After analyzing segmentations from input video and \(iMotion\) maps separately, we now combine the Tubelets from both, resulting proposal set denoted by \(\mathrm {T}_{\text{ i }Motion}\) \(\cup \) \(\mathrm {T}_{\text{ v }id}\). As reported in Table 5, the MABO increases up to 69.5% and Recall reaches 93.6%. This is an improvement of \(\sim \)7% in MABO and \(\sim \)16% in Recall over the individual best of video and \(iMotion\) segmentations. The experiments till this point are conducted on the training set of UCF Sports. This validates the set of grouping functions, \({\varPhi }\), and that the two Tubelet sets \(\mathrm {T}_{\text{ i }Motion}\) and \(\mathrm {T}_{\text{ v }id}\) complement each other for localizing actions. We fix this setting for the experiments to follow.

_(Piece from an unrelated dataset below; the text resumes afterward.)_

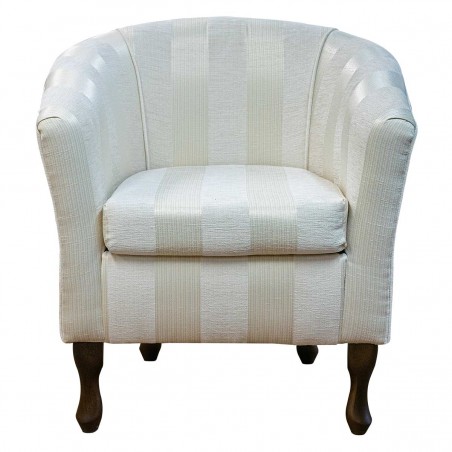 Designer Tub Chair in a Woburn Oyster Stripe Fabric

5.3 Pruning and Spatiotemporal Refinement

In this section, we evaluate the impact of pruning and spatiotemporal refinement on the quality of action proposals of UCF Sports, MSR-II and UCF101. The validation for grouping functions and segmentation is already done on the training set of UCF Sports. Now, we report results when considering all the videos of these three datasets, to be comparable with the numbers reported by other methods. Before moving to results, we provide the implementation details of pruning and spatiotemporal refinement.

Implementation Details For motion pruning we set \(P=50\), so that at least fifty proposals are retained from each video. Also, motion pruning is only applied to \(\mathrm {T}_{\text{ v }id}\), since proposals from \(\mathrm {T}_{\text{ i }Motion}\) are expected to have enough motion content. Overlap pruning is similar to non-maximum suppression, but applied without classification scores and therefore can affect the recall. To minimize its impact on Recall, we set a high overlap threshold of 0.8 for overlap based pruning. For spatial refinement, we set N equal to \(5\%\) of the frame width.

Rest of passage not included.